A “captura” dos restos mortais de Jonas Savimbi, morto em combate a 22 de Fevereiro de 2002, é a demonstração de que o ódio entre os irmãos angolanos ainda não terminou, lembra a UNITA numa nota a propósito da celebração de mais um aniversário da morte do antigo líder do “Galo Negro”.

Esta posição consta de uma declaração da direcção da UNITA enviada ao Novo Jornal Online onde o partido relembra a morte do seu antigo líder e fundador, ocorrida há 16 anos na comuna de Lucusse, província do Moxico, em confronto com as forças governamentais, tendo a sua morte precedido o fim da guerra.

A impossibilidade até hoje de transladar os seus restos mortais para a sua terra natal, de acordo com a direcção da UNITA, “simboliza a necessidade imperiosa de uma reconciliação nacional genuína e inclusiva, como premissa para a construção da verdadeira paz e da unidade nacional, pilares fundantes da Nação livre, unida e democrática, almejada por todos os angolanos”.

“A UNITA convida todos os angolanos a reflectirem, patrioticamente e sem paixões, sobre como podemos aproveitar o legado de Jonas Savimbi para corrigirmos agora os males que ele combateu e que ainda nos perseguem, que nos impedem de construir o futuro de paz e de prosperidade para todos”, lê na declaração distribuída à imprensa.

Para a direcção da UNITA, ” Jonas Savimbi combateu a cultura do medo, da ignorância e da subordinação dos povos africanos à identidade europeia”.

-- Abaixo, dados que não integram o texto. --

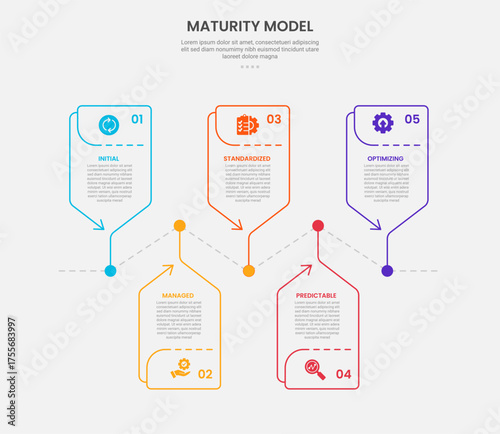 maturity model infographic outline style with 5 point template with creative box arrow timeline up and down for slide presentation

“Combateu vigorosamente a exclusão, a aculturação dos angolanos e a sua divisão em angolanos de primeira e angolanos de segunda, combateu o desprezo pelas línguas nacionais; combateu de forma consistente a corrupção, o peculato e a impunidade; combateu, enfim, o tribalismo, as assimetrias regionais, a intriga e a indisciplina”, acrescenta a nota.

De acordo com o partido do “Galo Negro”, “honrar a memória de Jonas Malheiro Savimbi “significa estabelecer imediatamente as autarquias locais para permitir o surgimento, nos municípios, de governos autónomos emanados do povo, eleitos pelo povo e que governem para o povo”.

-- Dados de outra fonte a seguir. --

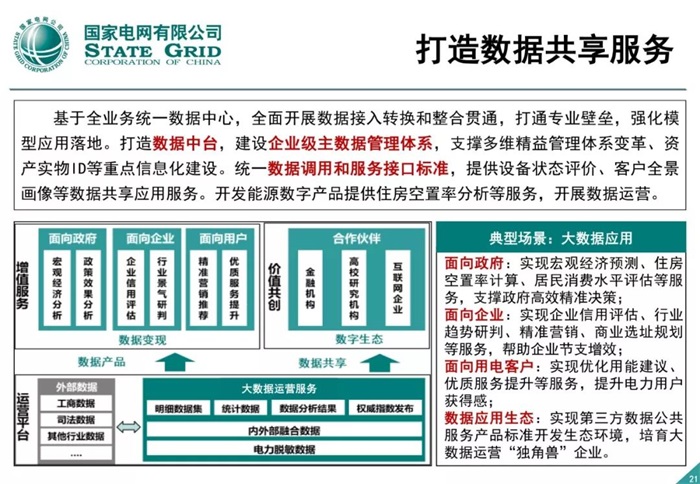 泛在電力物聯網建設整體方案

“Significa fiscalizar e auditar a dívida pública, reduzir a inflação, parar com os roubos e com a impunidade daqueles que utilizam o Estado para se governarem para si próprios”, refere o texto, salientando que urge “canalizar os investimentos produtivos para o interior do país, parar o crescimento anárquico de Luanda e promover a criação de cidades ecológicas, economicamente sustentáveis”.

O documento salienta por outro lado que, “honrar hoje a memória de Jonas Savimbi expressa promover a transformação radical da estrutura da economia política de Angola, do sistema de educação, do sistema de saúde, dos sistemas de produção e do sistema de segurança social”.

UNITA vê novas possibilidades no horizonte

No entanto, apesar desta posição, o porta-voz do partido, Alcides Sakala, admitiu recentemente existirem sinais do novo Executivo em dar o aval para a realização de um funeral condigno de Jonas Savimbi, mas adiantou ao Novo Jornal Online não existir nada formal, por enquanto.

“Existem sinais desencontrados a esse respeito que podem ser entendidos como indicadores de intenção, mas não existe nada formal, por enquanto”, disse ao Novo Jornal Online Alcides Sakala, quando questionado sobre o aniversário da morte de Jonas Savimbi a assinalar-se a dia 22 de Fevereiro.

A direcção da UNITA continua empenhada em realizar um funeral condigno do presidente fundador, Jonas Savimbi, já que alguns passos foram dados, ainda no consulado do Presidente José Eduardo dos Santos.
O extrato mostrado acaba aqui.